[Required action]:
Go to the line below that has "Heavenly Feet JUSTINA2", print it and each line after it exactly, and stop after the line that has "Marilyn Monroe Line Art - Canvas"; leave out pictures.

----

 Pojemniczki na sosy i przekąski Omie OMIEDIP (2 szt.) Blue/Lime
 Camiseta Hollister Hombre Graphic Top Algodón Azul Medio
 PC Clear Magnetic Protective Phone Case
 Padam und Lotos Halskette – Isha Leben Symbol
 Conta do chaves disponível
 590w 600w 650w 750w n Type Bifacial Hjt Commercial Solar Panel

----

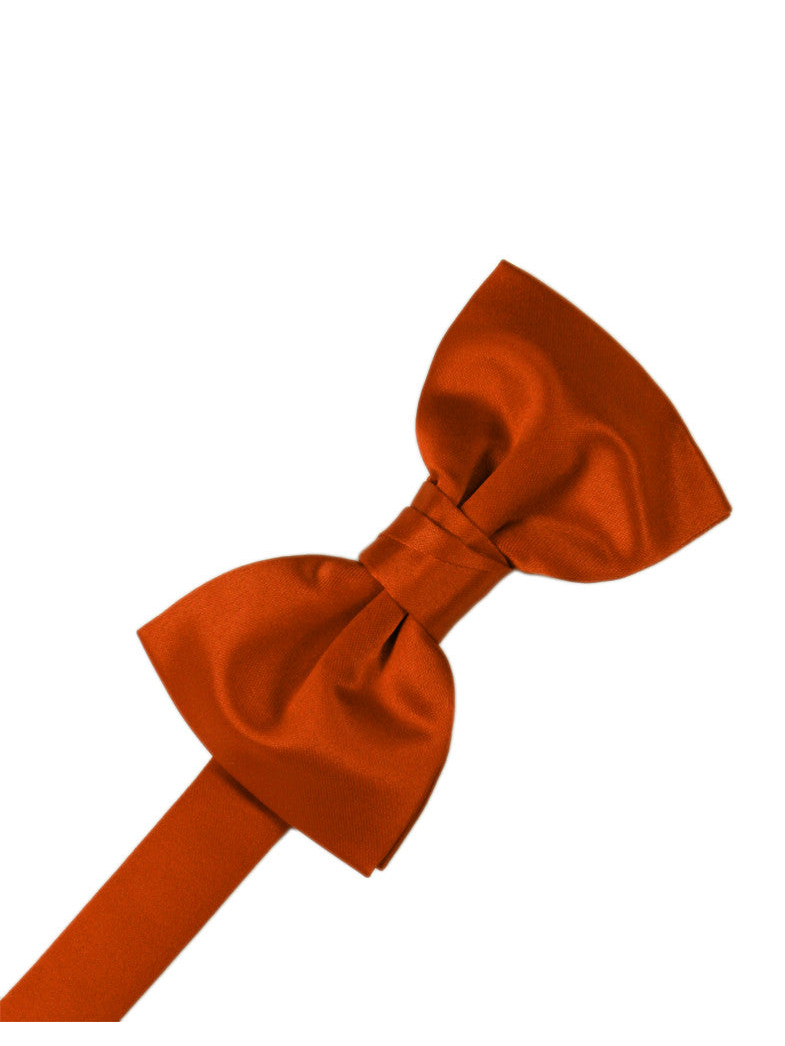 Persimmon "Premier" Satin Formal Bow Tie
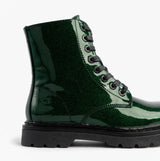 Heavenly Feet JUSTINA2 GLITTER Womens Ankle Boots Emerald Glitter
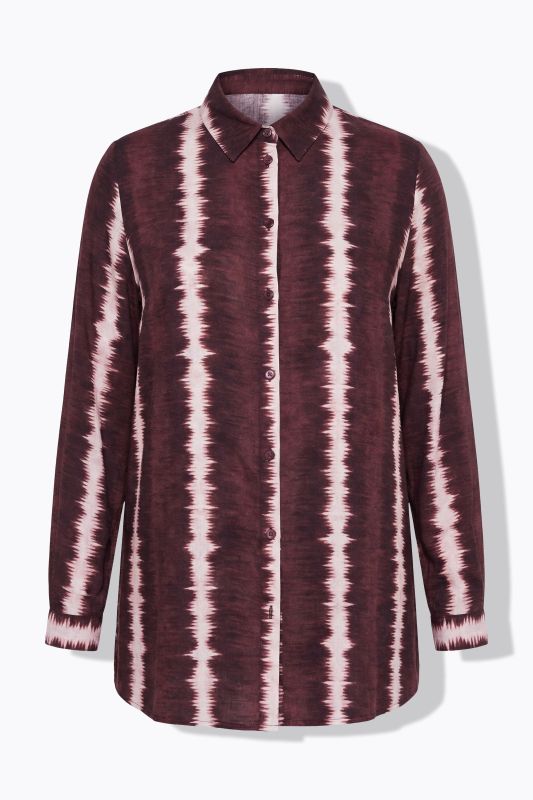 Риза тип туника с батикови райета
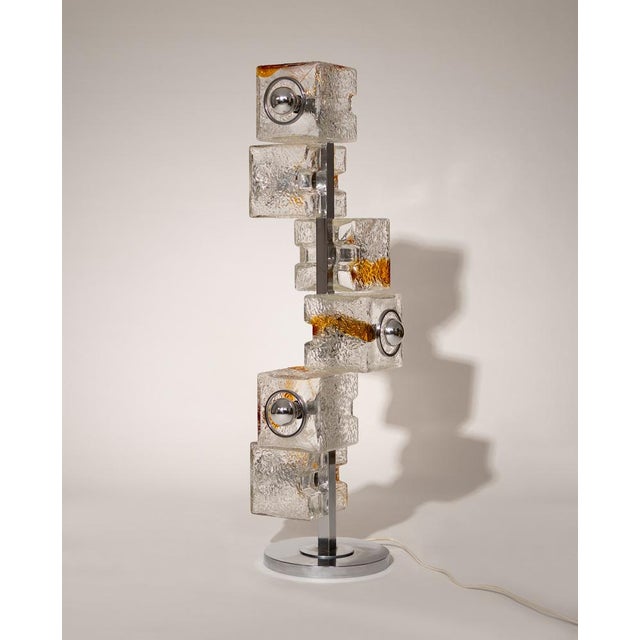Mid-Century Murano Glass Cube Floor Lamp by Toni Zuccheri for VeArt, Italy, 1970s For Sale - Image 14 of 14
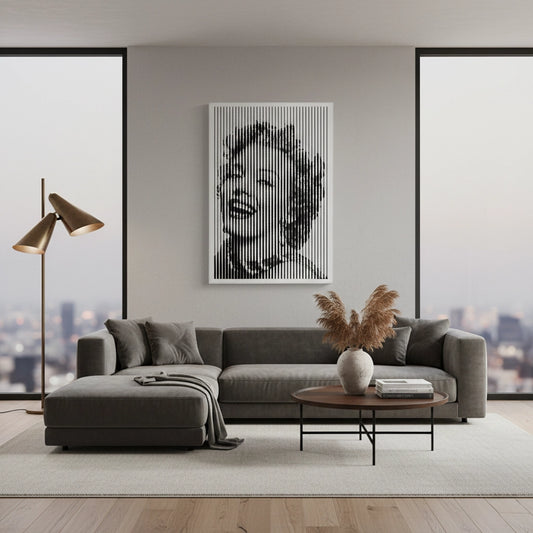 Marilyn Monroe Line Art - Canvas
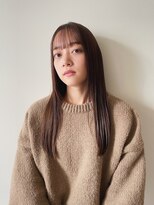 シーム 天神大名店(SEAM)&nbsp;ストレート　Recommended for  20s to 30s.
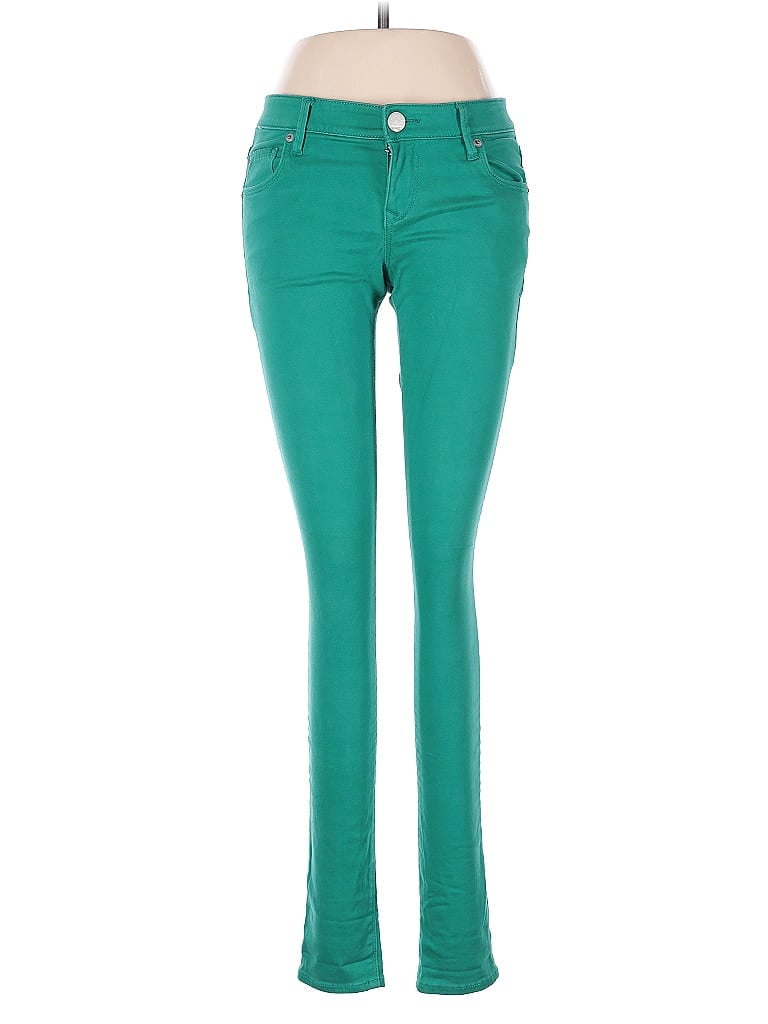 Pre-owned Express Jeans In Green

----

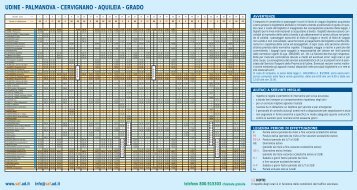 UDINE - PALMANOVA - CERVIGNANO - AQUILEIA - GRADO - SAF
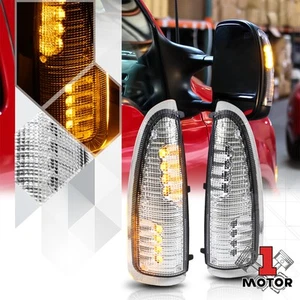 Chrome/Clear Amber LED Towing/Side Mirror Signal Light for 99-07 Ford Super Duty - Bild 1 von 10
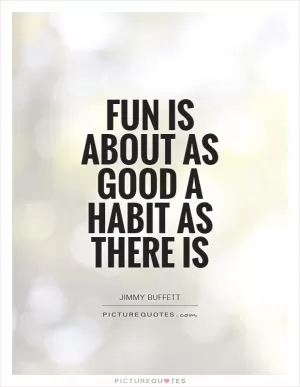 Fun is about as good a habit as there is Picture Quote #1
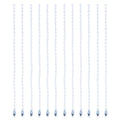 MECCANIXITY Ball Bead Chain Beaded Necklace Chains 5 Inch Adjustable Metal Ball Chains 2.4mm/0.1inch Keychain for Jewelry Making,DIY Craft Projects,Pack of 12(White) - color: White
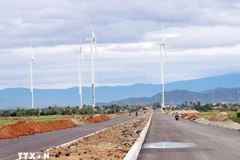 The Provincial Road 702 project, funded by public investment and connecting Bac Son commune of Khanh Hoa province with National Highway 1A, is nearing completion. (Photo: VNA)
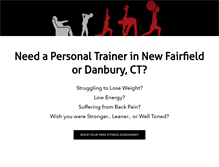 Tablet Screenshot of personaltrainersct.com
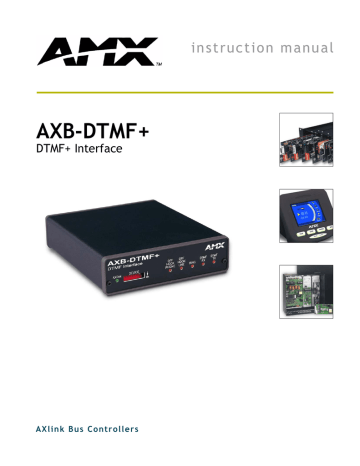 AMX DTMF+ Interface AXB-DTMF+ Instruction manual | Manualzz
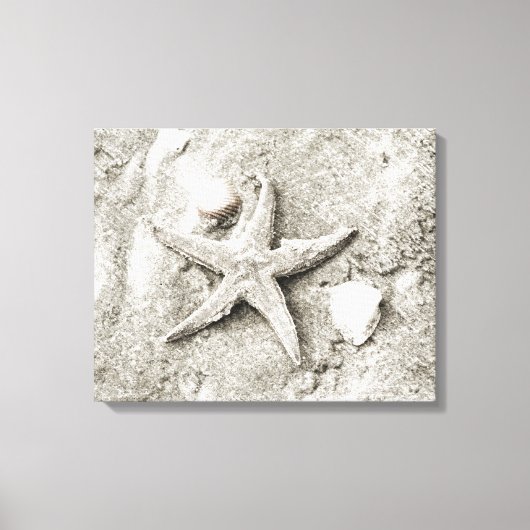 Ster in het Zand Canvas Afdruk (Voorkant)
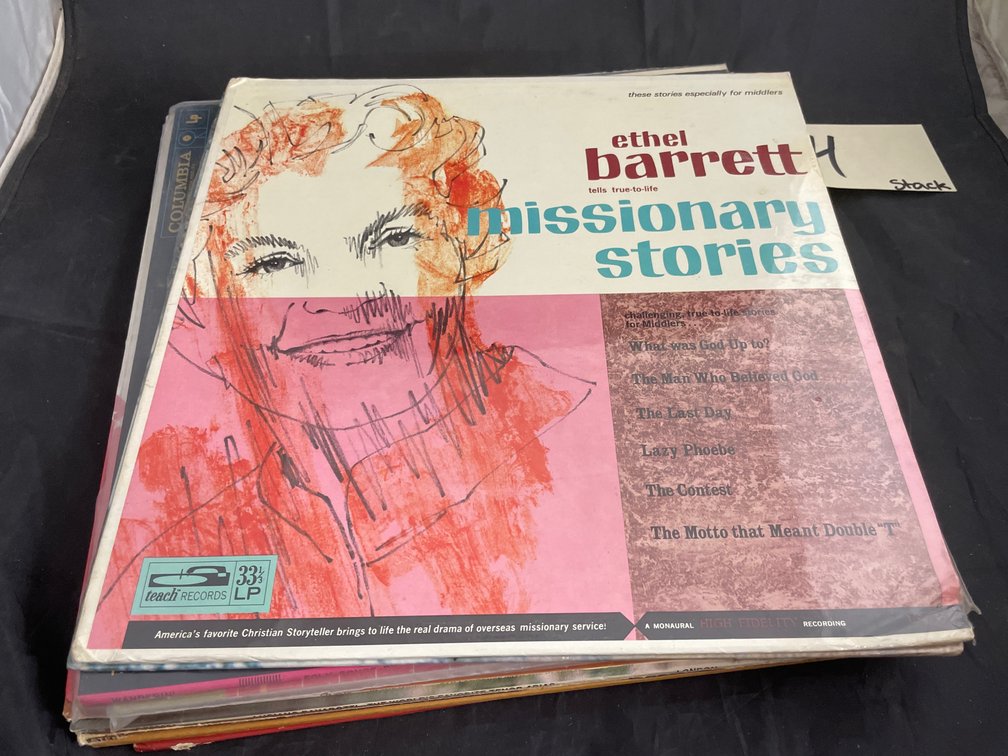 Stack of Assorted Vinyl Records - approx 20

----

[Response]:
 Heavenly Feet JUSTINA2 GLITTER Womens Ankle Boots Emerald Glitter
 Риза тип туника с батикови райета
Mid-Century Murano Glass Cube Floor Lamp by Toni Zuccheri for VeArt, Italy, 1970s For Sale - Image 14 of 14
 Marilyn Monroe Line Art - Canvas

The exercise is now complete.